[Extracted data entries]

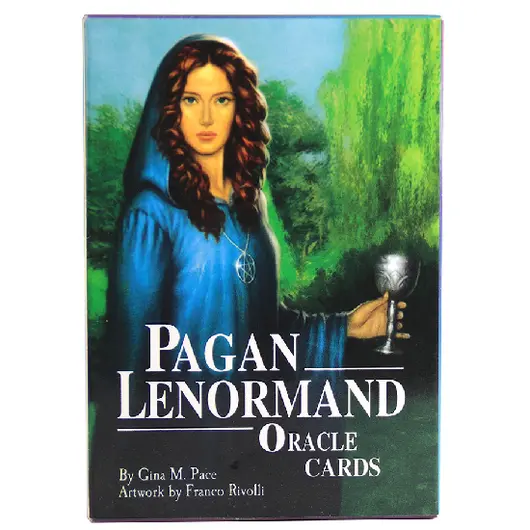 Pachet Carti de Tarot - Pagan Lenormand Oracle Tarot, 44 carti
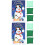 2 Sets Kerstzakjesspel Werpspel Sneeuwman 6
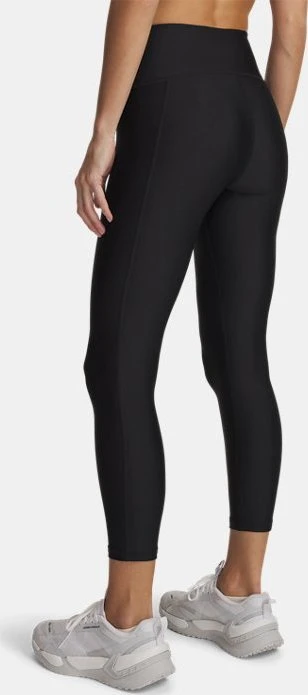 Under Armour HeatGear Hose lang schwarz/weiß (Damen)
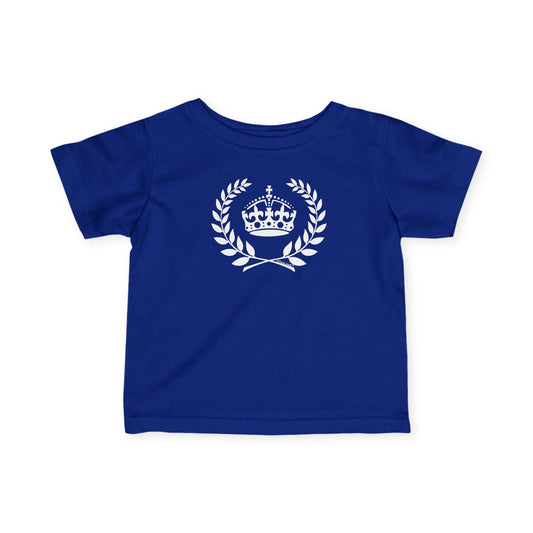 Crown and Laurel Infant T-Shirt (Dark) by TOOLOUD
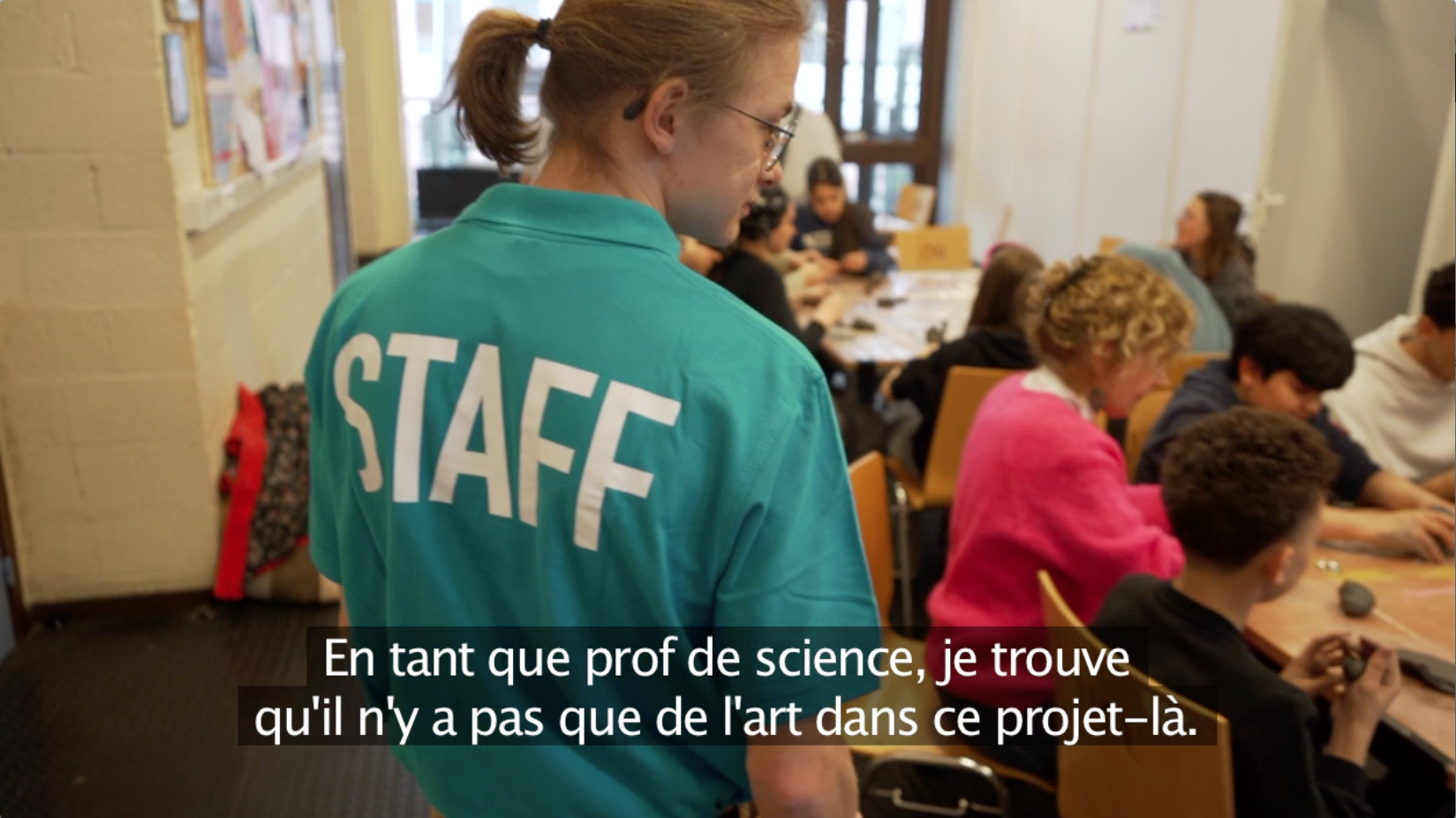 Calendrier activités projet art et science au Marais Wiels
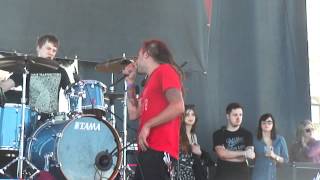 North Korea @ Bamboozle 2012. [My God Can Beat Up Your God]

What to work on
When you reach a picture in the records above, pass over it and transcribe the rest exactly.

Your response
 Pachet Carti de Tarot - Pagan Lenormand Oracle Tarot, 44 carti
 2 Sets Kerstzakjesspel Werpspel Sneeuwman 6
 Under Armour HeatGear Hose lang schwarz/weiß (Damen)
 Crown and Laurel Infant T-Shirt (Dark) by TOOLOUD
 Calendrier activités projet art et science au Marais Wiels
 North Korea @ Bamboozle 2012. [My God Can Beat Up Your God]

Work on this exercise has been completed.